** RECORDS PROVIDED follows **

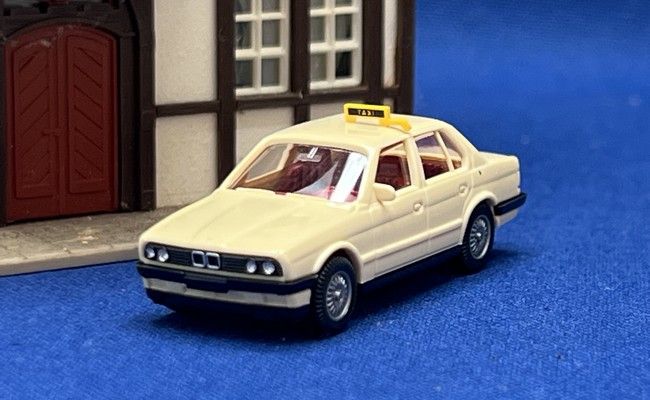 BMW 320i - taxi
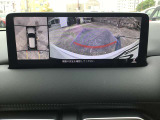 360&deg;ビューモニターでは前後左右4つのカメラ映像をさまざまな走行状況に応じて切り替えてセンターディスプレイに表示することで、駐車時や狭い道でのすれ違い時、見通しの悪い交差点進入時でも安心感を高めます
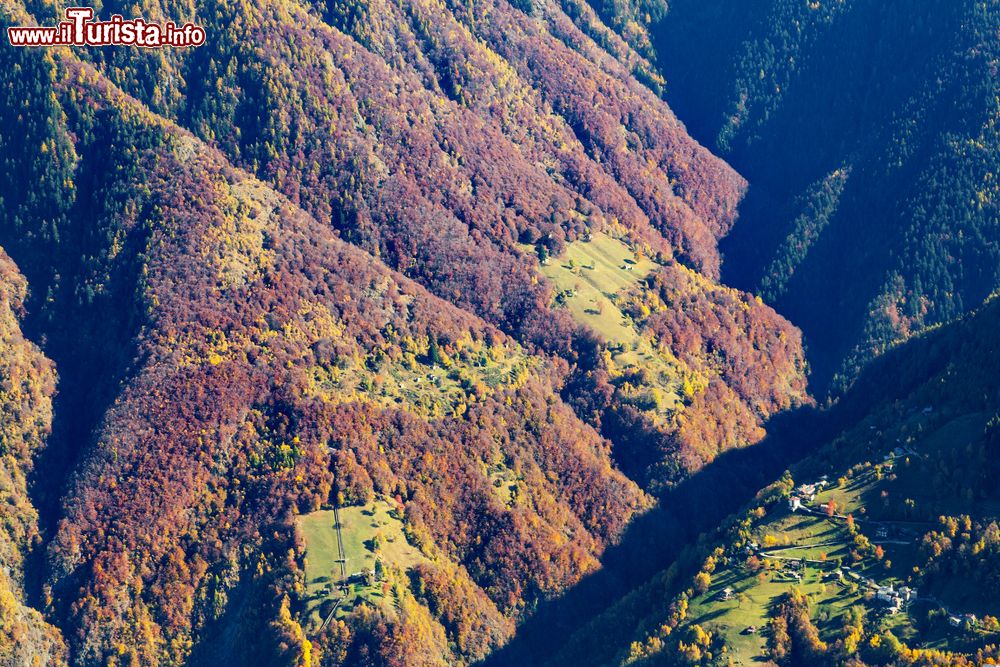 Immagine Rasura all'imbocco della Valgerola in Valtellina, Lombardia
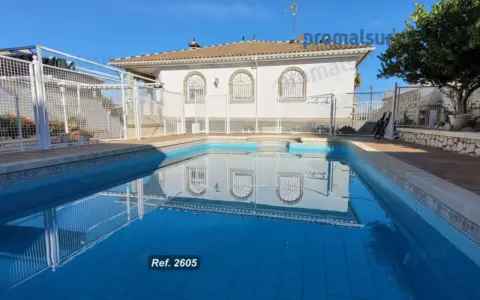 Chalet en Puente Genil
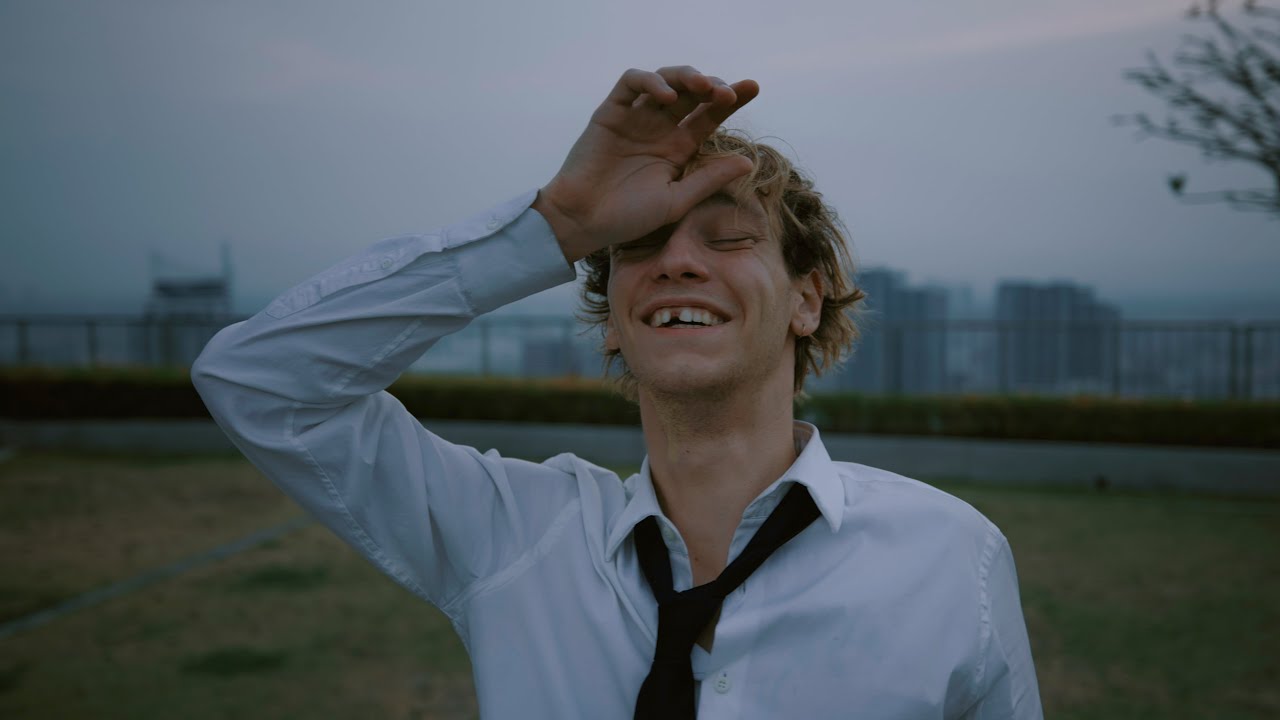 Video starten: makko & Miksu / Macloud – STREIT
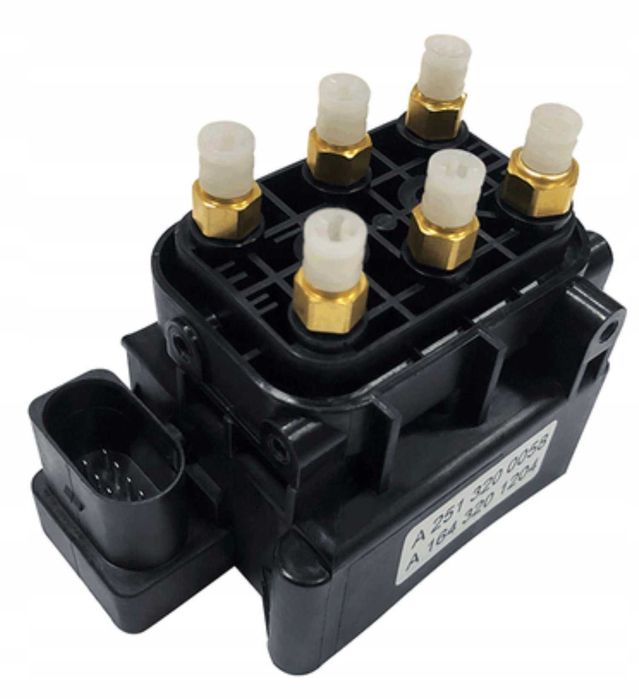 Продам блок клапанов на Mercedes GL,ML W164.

** End of RECORDS PROVIDED **

* _DIRECTIONS_:
Copy all of the data word for word, and keep the pictures out of it.

* _RESPONSE_:
 BMW 320i - taxi
 360&deg;ビューモニターでは前後左右4つのカメラ映像をさまざまな走行状況に応じて切り替えてセンターディスプレイに表示することで、駐車時や狭い道でのすれ違い時、見通しの悪い交差点進入時でも安心感を高めます
 Immagine Rasura all'imbocco della Valgerola in Valtellina, Lombardia
 Chalet en Puente Genil
 Video starten: makko & Miksu / Macloud – STREIT
 Продам блок клапанов на Mercedes GL,ML W164.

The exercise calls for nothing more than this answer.